*Exercise requirements*.
Exclude the pictures. Transcribe exactly, and only, the lines from the one holding "奔驰EQE 2022款 350 豪华版车身外观10" to the end of the material below.

*Data segment*.
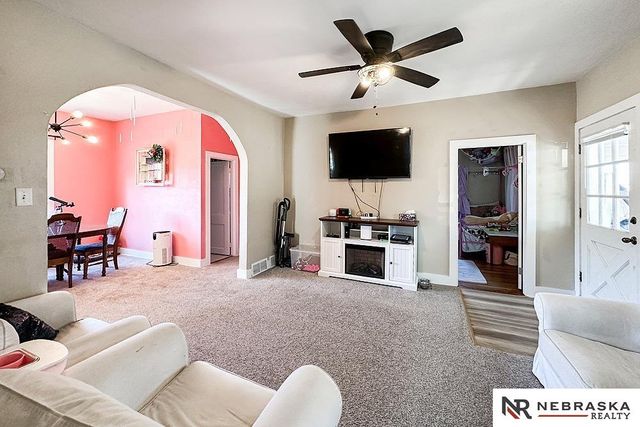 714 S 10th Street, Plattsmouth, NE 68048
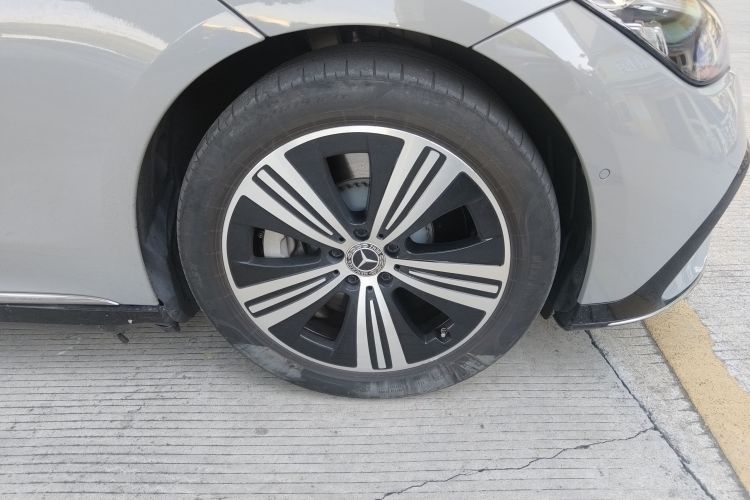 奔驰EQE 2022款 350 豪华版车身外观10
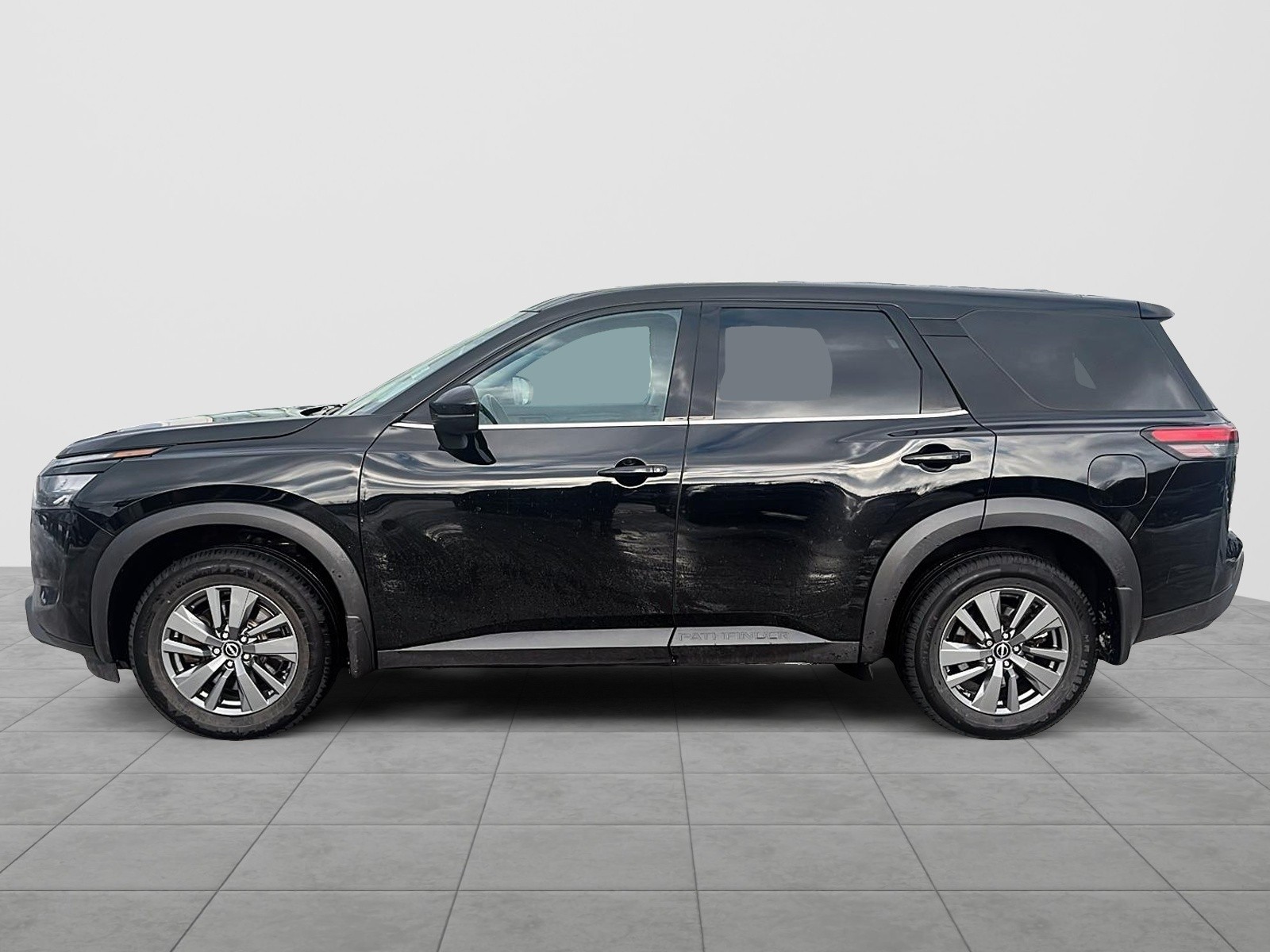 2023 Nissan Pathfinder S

*Expected answer*.
 奔驰EQE 2022款 350 豪华版车身外观10
 2023 Nissan Pathfinder S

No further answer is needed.